Both siblings scored outside the range of controls for all DKI-based metrics, with severe changes in the periventricular white matter and a gradient of severity toward the cortex. K/K provided clear separation by diagnosis in the Replication cohort (p < 0.001 in periventricular, deep and pericortical compartments). The ratio also correlated negatively with attention (r = -0.51 & -0.50, p < 0.05) and positively with 3-year mean Phe (r = 0.45 & 0.58, p < 0.01).
DKI reveals regionally-specific, progressive abnormalities of brain diffusion characteristics in PKU, even in the absence of conspicuous clinical signs or abnormalities on conventional MRI. A DKI-based marker derived from these scores (K/K ratio) was sensitive to cognitive impairment and PKU control over the medium term and may provide a meaningful subclinical biomarker of end-organ damage.
苯丙酮尿症(PKU)是一种常染色体隐性遗传病,由于苯丙氨酸代谢缺陷导致进行性神经功能障碍。PKU 的管理具有挑战性,疾病监测侧重于短期苯丙氨酸控制,而不是神经元损伤的测量。然而,常规成像缺乏敏感性,而扩散峰度成像(DKI)是一种新的 MRI 方法,可能会揭示 PKU 亚临床的白质结构变化。

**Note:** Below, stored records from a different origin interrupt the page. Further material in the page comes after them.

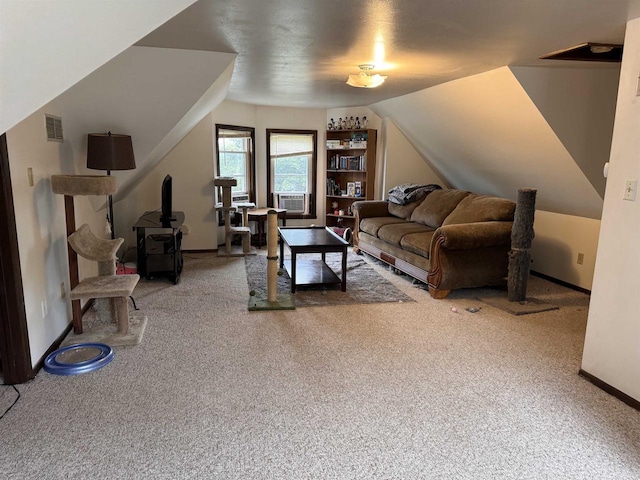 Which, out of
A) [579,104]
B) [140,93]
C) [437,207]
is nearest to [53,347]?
[140,93]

这项队列研究纳入了在常规临床护理中招募的成年 PKU 患者。收集了 MRI、神经认知评估和历史苯丙氨酸(Phe)水平。一项比较饮食依从性和不依从性兄弟姐妹的假设生成病例研究证实,DKI 指标对饮食依从性敏感,并提示了一个候选指标(K/K 比值)。然后,我们在一个复制队列(PKU=20;对照组=43)中测试了该指标。

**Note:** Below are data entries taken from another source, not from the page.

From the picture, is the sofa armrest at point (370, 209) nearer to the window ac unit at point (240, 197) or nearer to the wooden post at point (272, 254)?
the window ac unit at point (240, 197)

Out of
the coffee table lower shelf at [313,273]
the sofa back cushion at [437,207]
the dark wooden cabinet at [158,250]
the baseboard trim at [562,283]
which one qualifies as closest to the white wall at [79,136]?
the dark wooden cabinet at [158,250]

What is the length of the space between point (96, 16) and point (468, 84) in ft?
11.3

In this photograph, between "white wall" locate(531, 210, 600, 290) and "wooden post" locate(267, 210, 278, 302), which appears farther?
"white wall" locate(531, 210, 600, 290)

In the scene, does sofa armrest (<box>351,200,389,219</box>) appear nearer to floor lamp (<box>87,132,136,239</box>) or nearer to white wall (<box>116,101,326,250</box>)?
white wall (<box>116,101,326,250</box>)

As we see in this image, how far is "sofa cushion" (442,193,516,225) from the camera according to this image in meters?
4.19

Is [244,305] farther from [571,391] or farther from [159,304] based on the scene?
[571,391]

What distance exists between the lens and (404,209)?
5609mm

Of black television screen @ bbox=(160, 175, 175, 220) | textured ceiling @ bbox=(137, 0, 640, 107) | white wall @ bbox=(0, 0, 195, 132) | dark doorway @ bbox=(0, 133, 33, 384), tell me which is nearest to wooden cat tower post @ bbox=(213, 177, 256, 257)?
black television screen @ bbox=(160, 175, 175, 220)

两个兄弟姐妹的所有基于 DKI 的指标都超出了对照组的范围,脑室周围白质有严重变化,向皮质的严重程度呈梯度变化。K/K 在复制队列中通过诊断得到了清晰的区分(脑室周围、深部和皮质旁隔室的 p<0.001)。该比值还与注意力呈负相关(r=-0.51 和-0.50,p<0.05),与 3 年平均 Phe 呈正相关(r=0.45 和 0.58,p<0.01)。
即使在没有明显的临床症状或常规 MRI 异常的情况下,DKI 也揭示了 PKU 大脑扩散特征的区域特异性、进行性异常。从这些评分中得出的基于 DKI 的标志物(K/K 比值)对认知障碍和 PKU 控制具有中度敏感性,并且可能为终末器官损伤提供有意义的亚临床生物标志物。